Material for the task Block Start

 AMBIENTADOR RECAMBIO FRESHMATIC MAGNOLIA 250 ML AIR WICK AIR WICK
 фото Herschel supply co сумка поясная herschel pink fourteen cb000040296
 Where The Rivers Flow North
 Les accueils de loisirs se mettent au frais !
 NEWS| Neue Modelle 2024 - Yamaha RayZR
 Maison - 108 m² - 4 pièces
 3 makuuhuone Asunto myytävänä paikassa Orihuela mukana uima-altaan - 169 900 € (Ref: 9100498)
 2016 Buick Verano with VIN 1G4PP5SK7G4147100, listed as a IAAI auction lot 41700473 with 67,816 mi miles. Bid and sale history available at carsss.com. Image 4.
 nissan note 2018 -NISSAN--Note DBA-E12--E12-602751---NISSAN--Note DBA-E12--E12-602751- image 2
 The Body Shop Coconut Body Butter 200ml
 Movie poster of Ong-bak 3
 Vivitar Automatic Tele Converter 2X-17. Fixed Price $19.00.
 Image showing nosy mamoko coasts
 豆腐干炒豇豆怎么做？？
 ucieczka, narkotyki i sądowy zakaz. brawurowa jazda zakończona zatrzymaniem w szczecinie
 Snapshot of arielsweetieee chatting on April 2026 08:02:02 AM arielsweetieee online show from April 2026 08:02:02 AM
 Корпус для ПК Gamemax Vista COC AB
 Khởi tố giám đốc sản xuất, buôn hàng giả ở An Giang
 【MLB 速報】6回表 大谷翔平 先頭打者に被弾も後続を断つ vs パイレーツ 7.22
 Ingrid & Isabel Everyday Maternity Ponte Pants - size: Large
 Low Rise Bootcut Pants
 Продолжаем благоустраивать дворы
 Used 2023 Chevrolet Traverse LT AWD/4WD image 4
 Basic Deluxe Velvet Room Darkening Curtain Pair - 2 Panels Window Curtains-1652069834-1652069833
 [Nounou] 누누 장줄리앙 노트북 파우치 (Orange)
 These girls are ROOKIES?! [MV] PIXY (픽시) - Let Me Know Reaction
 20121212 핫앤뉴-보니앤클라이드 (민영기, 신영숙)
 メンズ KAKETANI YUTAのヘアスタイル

Material for the task Block End

-- What needs to be done --
Give back all the records exactly as they stand.

-- Result for this task --
 AMBIENTADOR RECAMBIO FRESHMATIC MAGNOLIA 250 ML AIR WICK AIR WICK
 фото Herschel supply co сумка поясная herschel pink fourteen cb000040296
 Where The Rivers Flow North
 Les accueils de loisirs se mettent au frais !
 NEWS| Neue Modelle 2024 - Yamaha RayZR
 Maison - 108 m² - 4 pièces
 3 makuuhuone Asunto myytävänä paikassa Orihuela mukana uima-altaan - 169 900 € (Ref: 9100498)
 2016 Buick Verano with VIN 1G4PP5SK7G4147100, listed as a IAAI auction lot 41700473 with 67,816 mi miles. Bid and sale history available at carsss.com. Image 4.
 nissan note 2018 -NISSAN--Note DBA-E12--E12-602751---NISSAN--Note DBA-E12--E12-602751- image 2
 The Body Shop Coconut Body Butter 200ml
 Movie poster of Ong-bak 3
 Vivitar Automatic Tele Converter 2X-17. Fixed Price $19.00.
 Image showing nosy mamoko coasts
 豆腐干炒豇豆怎么做？？
 ucieczka, narkotyki i sądowy zakaz. brawurowa jazda zakończona zatrzymaniem w szczecinie
 Snapshot of arielsweetieee chatting on April 2026 08:02:02 AM arielsweetieee online show from April 2026 08:02:02 AM
 Корпус для ПК Gamemax Vista COC AB
 Khởi tố giám đốc sản xuất, buôn hàng giả ở An Giang
 【MLB 速報】6回表 大谷翔平 先頭打者に被弾も後続を断つ vs パイレーツ 7.22
 Ingrid & Isabel Everyday Maternity Ponte Pants - size: Large
 Low Rise Bootcut Pants
 Продолжаем благоустраивать дворы
 Used 2023 Chevrolet Traverse LT AWD/4WD image 4
 Basic Deluxe Velvet Room Darkening Curtain Pair - 2 Panels Window Curtains-1652069834-1652069833
 [Nounou] 누누 장줄리앙 노트북 파우치 (Orange)
 These girls are ROOKIES?! [MV] PIXY (픽시) - Let Me Know Reaction
 20121212 핫앤뉴-보니앤클라이드 (민영기, 신영숙)
 メンズ KAKETANI YUTAのヘアスタイル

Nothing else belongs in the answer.